Task statement :: Output all of the data below without changing a word, and exclude the pictures.

Data ::
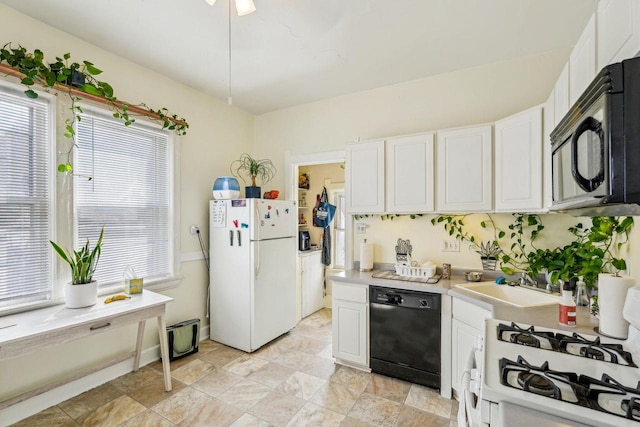 kitchen featuring white cabinets, a sink, black appliances, and light countertops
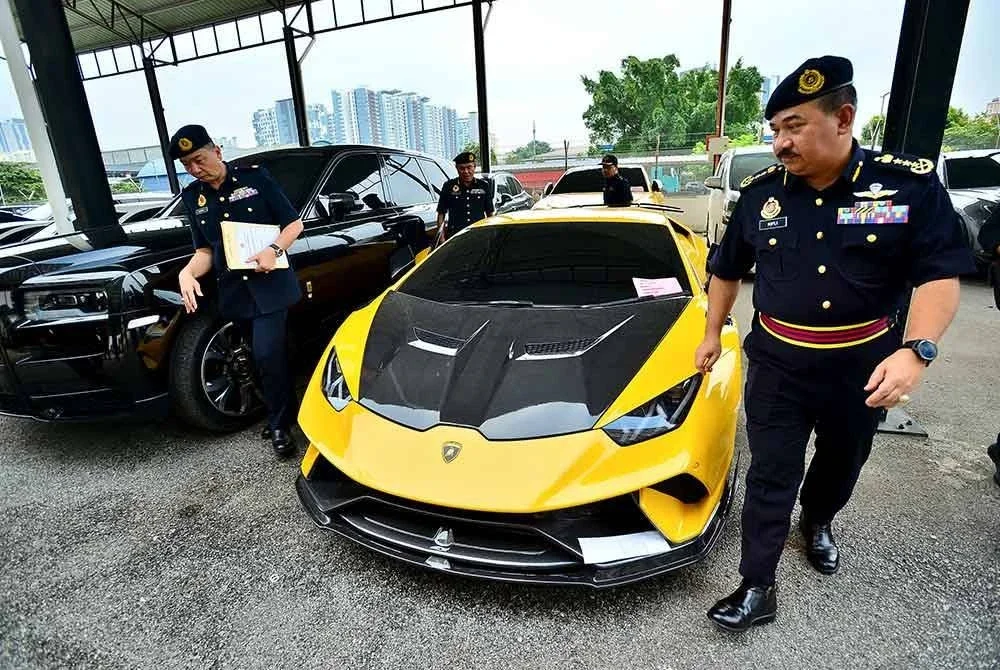 Muhammad Kifli menunjukkan antara kenderaan mewah yang disita dalam operasi dijalankan sebelum ini.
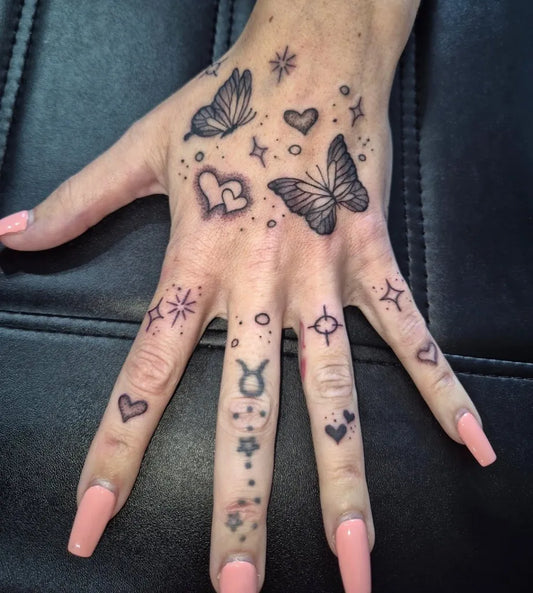 Small Minimalist Butterflies Hearts Stars on Women Hand Tattoo by @whelantattoo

Solution to this exercise ::
 kitchen featuring white cabinets, a sink, black appliances, and light countertops
 Muhammad Kifli menunjukkan antara kenderaan mewah yang disita dalam operasi dijalankan sebelum ini.
 Small Minimalist Butterflies Hearts Stars on Women Hand Tattoo by @whelantattoo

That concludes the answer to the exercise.